Fiona lived in an island in South Korea for a year, as a volunteer in a Catholic organization. She said she had worked with Filipinos there, and she only had glowing words for them. In her musical accent she said, “Your fellow Filipinos are warm-hearted. They always brought food in the office and offered me their a-dow-bo. It is so good!” Later, I gave her a necklace made by the T’boli tribe, with a stone that turned blue and green in the light. She didn’t want to accept it but I said, “It is for you because you are kind.”

And now in Kuala Lumpur, I have just finished writing a textbook in the big and quiet condominium unit of my fellow professor, Hazel, at The Saffron in Sentul, an elegant district whose streets are fringed with the greenest of trees. I stayed for three days and was about to leave today for Kajang, an old town near the University of Nottingham Malaysia Campus, where I now teach. Mariam, her maid, was delighted to learn my parents were from Bikol. And so when she arrived today to clean Hazel’s flat, she brought me a special gift.
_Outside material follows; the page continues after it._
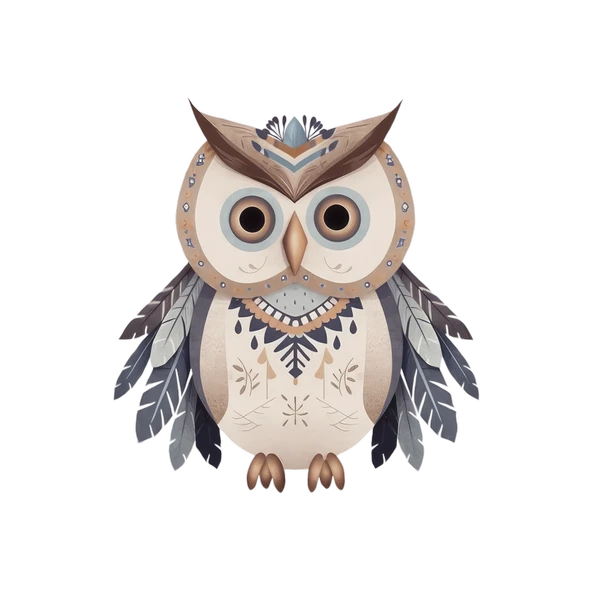 Baykuş Duvar Stickerı ürün görseli 1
Wrapped in plastic sheets were ten balls of chocolate, tablea from cacao trees grown in Bicol, and five pieces of tuyo (dried herring).

She said in Bikolano, “My sister in Pasacao, Camarines Sur, made these chocolate by hand while these tuyo are from Naga City.” My first impulse was to ask how much but I swallowed my words down my gut, for I instantly knew she was giving them to me as a belated Christmas gift. In my broken Bikolano and her fluent one we conversed, and I told her I like my job at the university but at times I just want to go home, because I miss my sister and my partner, and the colorful chaos that is the Philippines. She told me that I am still adjusting to my life abroad and she herself has lived in Malaysia for almost a decade. “Don’t give up,” she said.

I thanked her for her counsel and her gift, because my late grandmother would prepare hot chocolate from tablea, and then she would pour the chocolate on the newly harvested rice and we would eat that with our dried fish fried to a crisp. Outside, another typhoon would be pounding Bicol again – with the wind howling and the rain lashing against our old house – but in that warm circle of home my grandmother and I were eating something like Babette’s feast.